What is needed: Keep the images out while you retype all of the data exactly.

Recorded data:
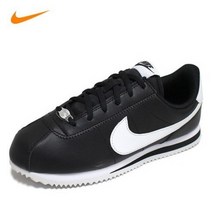 <나이키 코르테즈 베이직 SL GS 스니커즈 블랙 여자 운동화 신발 904764-001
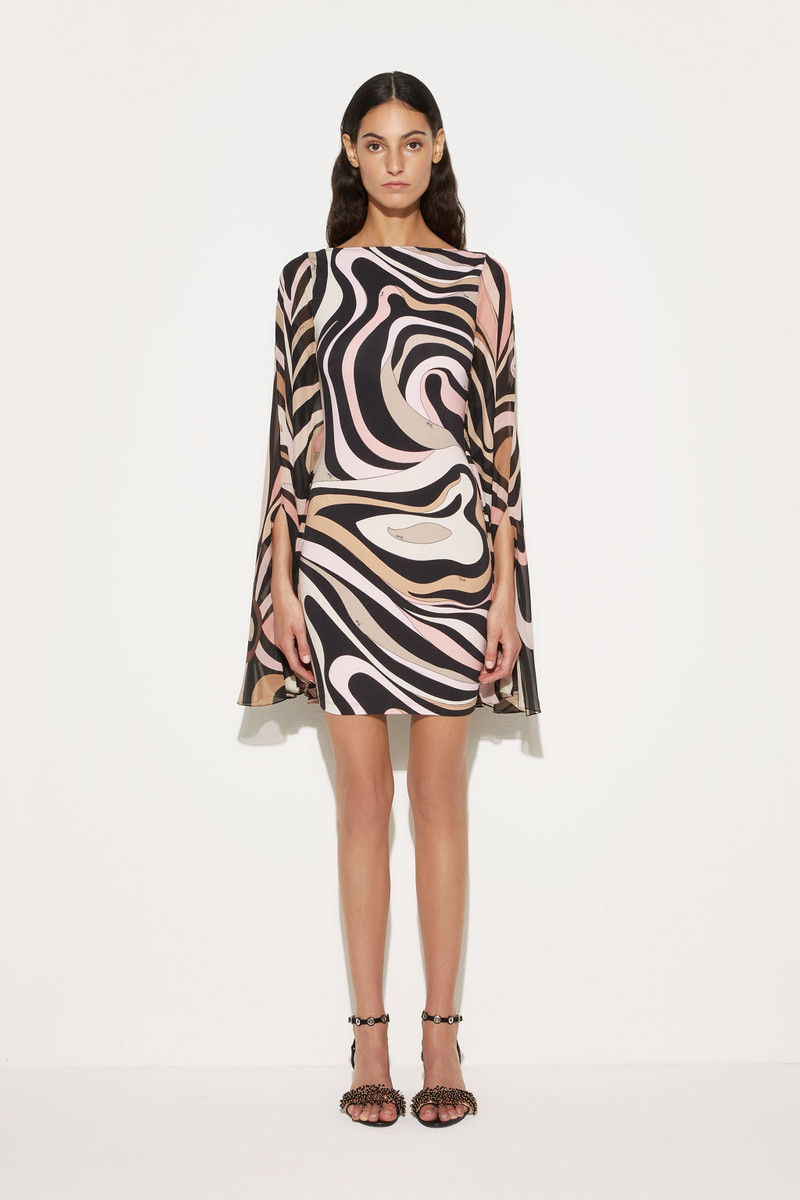 PUCCI MARMO SILK KAFTAN outlook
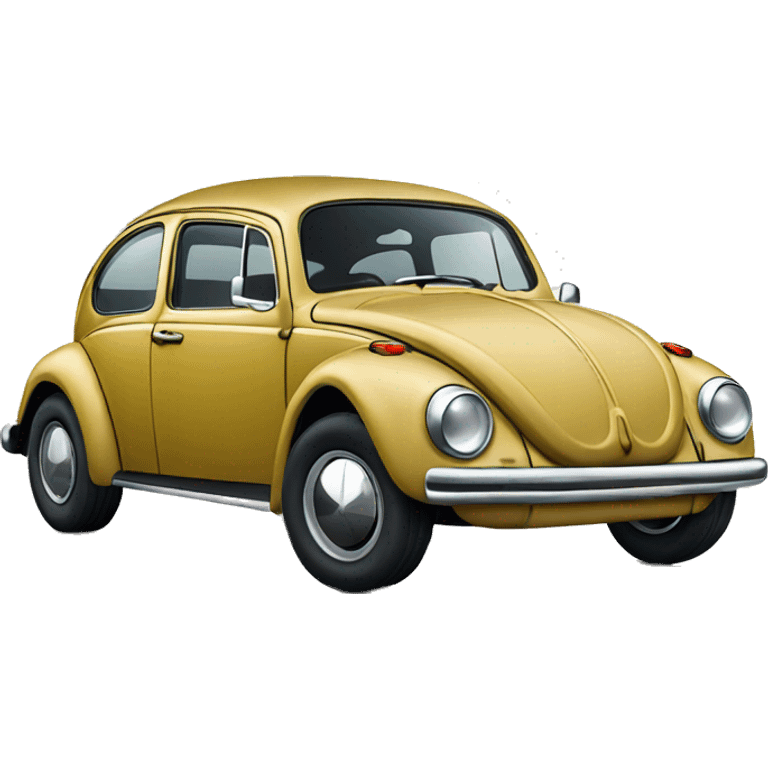 Bettle volkswagen  emoji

Answer:
 <나이키 코르테즈 베이직 SL GS 스니커즈 블랙 여자 운동화 신발 904764-001
 PUCCI MARMO SILK KAFTAN outlook
 Bettle volkswagen  emoji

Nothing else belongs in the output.